Biography

Tadeusz Różewicz (9 October 1921 – 24 April 2014) was a Polish poet, dramatist and writer. Różewicz belonged to the first generation of Polish writers born after Poland regained its independence in 1918 following the century of foreign partitions. He was born in Radomsko near Łódź. His first poems were published in 1938. During the Second World War, like his brother Janusz (also a poet), he was a soldier of the Polish underground Home Army. His other brother Stanisław was a noted film director.

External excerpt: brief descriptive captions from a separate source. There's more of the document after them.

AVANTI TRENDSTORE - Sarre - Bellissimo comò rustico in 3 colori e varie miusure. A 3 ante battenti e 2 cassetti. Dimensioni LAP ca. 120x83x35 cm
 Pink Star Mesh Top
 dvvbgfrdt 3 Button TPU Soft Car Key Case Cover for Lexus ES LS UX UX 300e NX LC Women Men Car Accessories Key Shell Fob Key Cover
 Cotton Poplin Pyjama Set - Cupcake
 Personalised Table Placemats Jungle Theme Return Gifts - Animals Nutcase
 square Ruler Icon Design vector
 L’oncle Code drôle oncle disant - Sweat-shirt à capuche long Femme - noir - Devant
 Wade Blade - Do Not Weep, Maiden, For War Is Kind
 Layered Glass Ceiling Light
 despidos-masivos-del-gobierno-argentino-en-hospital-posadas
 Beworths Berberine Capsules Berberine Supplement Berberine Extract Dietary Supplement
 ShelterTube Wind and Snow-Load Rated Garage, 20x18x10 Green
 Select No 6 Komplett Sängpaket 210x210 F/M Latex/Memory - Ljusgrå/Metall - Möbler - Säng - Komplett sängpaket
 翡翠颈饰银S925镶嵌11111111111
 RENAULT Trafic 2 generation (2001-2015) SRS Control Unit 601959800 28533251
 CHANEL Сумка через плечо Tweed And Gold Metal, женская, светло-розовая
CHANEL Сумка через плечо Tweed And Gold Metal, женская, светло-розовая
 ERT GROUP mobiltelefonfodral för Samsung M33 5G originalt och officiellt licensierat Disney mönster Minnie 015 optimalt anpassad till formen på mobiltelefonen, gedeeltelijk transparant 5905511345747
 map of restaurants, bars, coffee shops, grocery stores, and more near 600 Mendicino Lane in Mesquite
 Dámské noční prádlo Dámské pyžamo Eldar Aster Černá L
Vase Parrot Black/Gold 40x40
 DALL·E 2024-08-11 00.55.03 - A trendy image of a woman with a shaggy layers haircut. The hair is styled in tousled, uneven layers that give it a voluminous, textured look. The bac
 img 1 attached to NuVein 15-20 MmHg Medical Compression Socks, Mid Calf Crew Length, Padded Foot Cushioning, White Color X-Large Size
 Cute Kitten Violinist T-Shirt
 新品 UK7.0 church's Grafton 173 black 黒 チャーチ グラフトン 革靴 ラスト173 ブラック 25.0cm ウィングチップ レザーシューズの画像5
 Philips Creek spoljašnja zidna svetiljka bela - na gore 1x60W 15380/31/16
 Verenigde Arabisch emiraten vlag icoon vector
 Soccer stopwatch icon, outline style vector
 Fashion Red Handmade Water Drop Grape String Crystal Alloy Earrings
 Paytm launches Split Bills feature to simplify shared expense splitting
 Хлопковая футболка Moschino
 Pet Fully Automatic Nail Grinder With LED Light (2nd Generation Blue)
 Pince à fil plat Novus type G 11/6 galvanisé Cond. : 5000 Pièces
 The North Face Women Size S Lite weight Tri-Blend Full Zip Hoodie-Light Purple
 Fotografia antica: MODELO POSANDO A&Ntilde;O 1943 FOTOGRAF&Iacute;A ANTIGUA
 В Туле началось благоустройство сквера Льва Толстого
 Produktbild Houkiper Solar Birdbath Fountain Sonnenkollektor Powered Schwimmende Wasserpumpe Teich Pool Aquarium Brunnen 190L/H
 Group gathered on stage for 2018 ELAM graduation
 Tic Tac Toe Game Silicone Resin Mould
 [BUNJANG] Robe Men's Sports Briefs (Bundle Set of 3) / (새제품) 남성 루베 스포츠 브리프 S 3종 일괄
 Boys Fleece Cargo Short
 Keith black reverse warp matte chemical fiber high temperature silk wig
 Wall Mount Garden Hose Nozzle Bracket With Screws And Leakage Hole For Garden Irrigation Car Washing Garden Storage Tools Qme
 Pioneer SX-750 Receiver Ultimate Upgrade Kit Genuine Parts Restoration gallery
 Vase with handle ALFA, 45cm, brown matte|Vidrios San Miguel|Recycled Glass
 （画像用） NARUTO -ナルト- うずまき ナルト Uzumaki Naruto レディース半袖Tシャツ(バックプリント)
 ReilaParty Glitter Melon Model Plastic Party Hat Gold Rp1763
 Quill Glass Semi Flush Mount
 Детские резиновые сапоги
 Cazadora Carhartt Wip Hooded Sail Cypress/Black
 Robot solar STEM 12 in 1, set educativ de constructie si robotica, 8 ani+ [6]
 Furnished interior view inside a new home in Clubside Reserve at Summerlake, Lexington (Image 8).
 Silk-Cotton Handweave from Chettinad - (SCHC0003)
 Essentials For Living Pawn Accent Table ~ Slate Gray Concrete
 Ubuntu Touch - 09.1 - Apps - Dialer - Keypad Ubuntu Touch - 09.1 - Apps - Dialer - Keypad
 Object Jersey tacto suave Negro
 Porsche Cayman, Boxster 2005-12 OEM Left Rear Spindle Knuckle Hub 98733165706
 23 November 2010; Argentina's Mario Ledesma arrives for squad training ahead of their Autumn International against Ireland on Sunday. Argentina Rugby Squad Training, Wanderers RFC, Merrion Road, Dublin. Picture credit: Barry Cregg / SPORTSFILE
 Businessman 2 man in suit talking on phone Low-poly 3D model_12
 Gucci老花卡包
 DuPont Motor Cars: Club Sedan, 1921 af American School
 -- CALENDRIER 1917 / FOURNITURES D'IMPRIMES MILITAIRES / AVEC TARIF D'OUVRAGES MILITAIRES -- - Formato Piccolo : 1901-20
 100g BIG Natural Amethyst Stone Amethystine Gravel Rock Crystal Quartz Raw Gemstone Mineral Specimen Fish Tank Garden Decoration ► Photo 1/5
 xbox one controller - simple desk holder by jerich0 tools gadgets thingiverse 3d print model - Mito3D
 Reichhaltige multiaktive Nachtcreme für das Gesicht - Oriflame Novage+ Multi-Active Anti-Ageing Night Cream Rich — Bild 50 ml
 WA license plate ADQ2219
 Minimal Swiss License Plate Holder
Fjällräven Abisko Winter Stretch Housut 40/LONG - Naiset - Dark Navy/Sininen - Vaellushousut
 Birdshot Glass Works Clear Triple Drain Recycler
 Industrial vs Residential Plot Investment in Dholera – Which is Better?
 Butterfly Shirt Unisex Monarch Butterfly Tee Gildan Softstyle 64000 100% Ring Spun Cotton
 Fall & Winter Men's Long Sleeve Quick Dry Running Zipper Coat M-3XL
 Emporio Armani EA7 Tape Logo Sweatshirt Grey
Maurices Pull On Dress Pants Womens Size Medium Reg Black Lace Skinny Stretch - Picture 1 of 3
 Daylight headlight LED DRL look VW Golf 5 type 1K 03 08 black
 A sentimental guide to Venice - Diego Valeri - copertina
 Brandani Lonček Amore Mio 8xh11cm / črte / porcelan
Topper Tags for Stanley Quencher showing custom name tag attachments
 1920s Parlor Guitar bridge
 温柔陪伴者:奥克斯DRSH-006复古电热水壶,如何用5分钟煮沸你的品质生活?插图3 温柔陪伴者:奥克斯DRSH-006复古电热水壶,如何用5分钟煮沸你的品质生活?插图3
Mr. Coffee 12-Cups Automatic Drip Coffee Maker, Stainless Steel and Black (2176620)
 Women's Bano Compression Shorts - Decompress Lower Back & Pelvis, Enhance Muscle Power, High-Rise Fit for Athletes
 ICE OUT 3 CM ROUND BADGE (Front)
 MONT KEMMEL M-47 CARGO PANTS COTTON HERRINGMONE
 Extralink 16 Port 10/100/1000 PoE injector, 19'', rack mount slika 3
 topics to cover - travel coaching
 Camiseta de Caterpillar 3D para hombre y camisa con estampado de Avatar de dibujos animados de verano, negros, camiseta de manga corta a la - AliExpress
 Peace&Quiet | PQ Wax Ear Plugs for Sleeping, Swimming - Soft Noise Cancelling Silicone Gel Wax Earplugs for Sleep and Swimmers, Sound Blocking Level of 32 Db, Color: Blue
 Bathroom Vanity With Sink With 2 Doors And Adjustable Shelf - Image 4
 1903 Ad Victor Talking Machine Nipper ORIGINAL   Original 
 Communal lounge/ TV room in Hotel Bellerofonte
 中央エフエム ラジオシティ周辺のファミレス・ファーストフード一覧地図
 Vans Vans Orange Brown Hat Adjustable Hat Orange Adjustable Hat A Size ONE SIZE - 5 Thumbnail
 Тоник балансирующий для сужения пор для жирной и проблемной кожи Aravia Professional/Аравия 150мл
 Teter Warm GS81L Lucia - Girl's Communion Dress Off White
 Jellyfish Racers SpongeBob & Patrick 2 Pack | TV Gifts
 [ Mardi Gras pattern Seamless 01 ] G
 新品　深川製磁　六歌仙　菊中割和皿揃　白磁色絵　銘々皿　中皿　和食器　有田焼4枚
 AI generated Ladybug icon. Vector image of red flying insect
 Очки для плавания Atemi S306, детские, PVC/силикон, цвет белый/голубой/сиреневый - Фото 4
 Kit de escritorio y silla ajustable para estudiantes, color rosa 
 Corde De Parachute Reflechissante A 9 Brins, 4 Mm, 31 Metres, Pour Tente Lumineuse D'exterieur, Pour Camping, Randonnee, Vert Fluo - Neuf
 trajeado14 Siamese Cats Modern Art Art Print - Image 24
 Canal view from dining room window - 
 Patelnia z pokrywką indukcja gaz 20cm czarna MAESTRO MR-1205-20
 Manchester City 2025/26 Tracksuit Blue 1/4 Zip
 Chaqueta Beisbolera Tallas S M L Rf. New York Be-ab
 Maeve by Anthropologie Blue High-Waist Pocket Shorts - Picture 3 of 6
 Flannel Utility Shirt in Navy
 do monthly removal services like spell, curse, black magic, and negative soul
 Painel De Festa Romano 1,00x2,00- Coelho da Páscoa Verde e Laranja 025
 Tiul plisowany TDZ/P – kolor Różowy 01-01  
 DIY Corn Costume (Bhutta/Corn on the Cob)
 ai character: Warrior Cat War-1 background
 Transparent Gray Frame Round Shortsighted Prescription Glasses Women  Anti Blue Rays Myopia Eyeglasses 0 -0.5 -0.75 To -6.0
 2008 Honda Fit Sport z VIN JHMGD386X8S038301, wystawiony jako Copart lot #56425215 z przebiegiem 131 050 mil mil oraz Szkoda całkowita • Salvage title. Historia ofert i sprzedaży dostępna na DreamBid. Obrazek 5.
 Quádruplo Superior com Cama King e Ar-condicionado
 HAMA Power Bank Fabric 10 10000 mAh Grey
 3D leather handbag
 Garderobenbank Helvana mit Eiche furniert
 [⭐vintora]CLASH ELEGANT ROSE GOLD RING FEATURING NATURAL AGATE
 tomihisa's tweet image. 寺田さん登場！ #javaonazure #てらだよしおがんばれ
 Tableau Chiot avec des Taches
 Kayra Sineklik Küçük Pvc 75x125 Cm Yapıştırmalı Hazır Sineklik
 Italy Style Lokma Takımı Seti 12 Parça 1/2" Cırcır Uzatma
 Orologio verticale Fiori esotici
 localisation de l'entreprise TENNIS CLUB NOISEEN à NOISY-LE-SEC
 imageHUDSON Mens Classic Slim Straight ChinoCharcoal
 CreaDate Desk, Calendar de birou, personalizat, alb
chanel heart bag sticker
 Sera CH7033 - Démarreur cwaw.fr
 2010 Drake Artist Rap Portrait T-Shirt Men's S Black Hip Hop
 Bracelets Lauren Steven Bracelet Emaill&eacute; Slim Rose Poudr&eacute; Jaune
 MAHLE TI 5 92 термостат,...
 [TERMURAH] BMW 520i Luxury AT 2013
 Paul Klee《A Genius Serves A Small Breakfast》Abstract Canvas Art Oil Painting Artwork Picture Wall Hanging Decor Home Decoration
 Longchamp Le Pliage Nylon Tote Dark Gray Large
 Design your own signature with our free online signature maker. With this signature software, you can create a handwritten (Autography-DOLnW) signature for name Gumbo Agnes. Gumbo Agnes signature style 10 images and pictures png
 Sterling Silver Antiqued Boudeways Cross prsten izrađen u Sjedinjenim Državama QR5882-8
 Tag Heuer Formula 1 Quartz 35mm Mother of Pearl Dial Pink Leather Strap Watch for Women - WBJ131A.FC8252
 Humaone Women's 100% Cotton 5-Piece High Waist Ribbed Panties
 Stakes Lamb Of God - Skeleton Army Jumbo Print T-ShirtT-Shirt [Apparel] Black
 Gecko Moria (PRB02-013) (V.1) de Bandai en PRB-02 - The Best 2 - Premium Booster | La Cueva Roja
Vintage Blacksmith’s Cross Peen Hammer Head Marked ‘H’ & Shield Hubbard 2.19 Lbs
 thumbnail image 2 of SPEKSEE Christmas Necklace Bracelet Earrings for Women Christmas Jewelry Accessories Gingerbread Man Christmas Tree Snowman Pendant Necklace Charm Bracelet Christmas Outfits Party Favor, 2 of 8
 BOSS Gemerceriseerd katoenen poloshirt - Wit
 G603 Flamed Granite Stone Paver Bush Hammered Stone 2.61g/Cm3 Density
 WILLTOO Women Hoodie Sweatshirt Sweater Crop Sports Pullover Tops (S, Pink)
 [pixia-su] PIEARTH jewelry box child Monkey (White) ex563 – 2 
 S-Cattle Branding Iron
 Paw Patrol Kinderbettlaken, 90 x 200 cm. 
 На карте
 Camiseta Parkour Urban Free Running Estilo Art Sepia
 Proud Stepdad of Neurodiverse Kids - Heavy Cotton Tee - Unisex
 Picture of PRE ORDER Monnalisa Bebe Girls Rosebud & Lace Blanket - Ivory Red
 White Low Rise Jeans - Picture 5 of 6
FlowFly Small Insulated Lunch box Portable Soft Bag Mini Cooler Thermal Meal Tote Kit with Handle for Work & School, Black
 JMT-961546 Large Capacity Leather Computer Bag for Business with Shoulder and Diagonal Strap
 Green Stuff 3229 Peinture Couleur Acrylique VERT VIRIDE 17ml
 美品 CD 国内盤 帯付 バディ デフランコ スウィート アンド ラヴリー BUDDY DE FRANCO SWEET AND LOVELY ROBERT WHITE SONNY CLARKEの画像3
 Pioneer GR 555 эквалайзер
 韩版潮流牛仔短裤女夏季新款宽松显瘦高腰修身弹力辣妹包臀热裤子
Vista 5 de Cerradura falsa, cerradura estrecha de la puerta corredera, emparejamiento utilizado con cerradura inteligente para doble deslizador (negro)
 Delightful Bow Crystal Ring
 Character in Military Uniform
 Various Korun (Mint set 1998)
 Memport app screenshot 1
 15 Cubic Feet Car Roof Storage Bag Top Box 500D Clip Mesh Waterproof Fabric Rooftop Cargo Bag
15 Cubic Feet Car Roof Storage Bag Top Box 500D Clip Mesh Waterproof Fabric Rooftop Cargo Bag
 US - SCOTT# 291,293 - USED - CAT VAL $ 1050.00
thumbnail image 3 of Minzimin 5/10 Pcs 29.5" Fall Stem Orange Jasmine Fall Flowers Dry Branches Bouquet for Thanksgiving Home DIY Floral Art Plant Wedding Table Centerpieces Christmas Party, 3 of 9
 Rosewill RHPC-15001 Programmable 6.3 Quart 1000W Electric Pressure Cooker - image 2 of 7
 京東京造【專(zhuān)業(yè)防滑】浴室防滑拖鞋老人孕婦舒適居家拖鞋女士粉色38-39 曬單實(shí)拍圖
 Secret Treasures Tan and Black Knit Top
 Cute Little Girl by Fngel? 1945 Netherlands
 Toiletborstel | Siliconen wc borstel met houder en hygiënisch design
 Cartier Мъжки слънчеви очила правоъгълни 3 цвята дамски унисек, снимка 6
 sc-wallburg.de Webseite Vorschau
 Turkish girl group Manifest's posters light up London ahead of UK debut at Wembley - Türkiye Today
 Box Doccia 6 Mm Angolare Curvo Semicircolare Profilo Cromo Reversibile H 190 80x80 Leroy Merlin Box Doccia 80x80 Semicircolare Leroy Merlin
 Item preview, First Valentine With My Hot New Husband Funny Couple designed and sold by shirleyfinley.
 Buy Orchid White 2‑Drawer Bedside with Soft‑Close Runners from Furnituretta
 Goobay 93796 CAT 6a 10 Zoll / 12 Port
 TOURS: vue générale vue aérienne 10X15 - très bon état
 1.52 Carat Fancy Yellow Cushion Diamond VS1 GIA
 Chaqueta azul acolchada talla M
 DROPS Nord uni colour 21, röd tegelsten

Tadeusz Różewicz was the son of Władysław and Stefania Różewicz, his mother née Gelbard, being a Jewish convert to Catholicism. Unlike his elder brother Janusz, also a highly promising poet, who was executed by the Gestapo in 1944 for serving in the Resistance, Tadeusz survived the war. On finishing high-school, he enrolled at the Jagiellonian University of Kraków, and then in the late 1940s moved to Gliwice where he lived for the next thirty years. In 1968 he moved to Wrocław where he lived for the rest of his life. Czesław Miłosz hailed his poetic gifts in a poem in 1948. His literary debut as a highly innovative playwright began in 1960 with The Card Index (Kartoteka), by which time he was already the author of fifteen acclaimed volumes of poetry published since 1944.

He had written over a dozen plays and several screenplays. The eruption of dramaturgical energy was also accompanied by volumes of poetry and prose. Some of his best known plays other than The Card Index include, The Interrupted Act (Akt przerywany, 1970), Birth Certificate (Świadectwo urodzenia, screenplay to an award-winning film by the same title, 1961), Left Home (Wyszedł z domu, 1965), and The White Wedding (Białe małżeństwo, 1975). His New Poems collection was nominated for the National Book Critics Circle Award in 2008. Some of his works were translated into all major languages.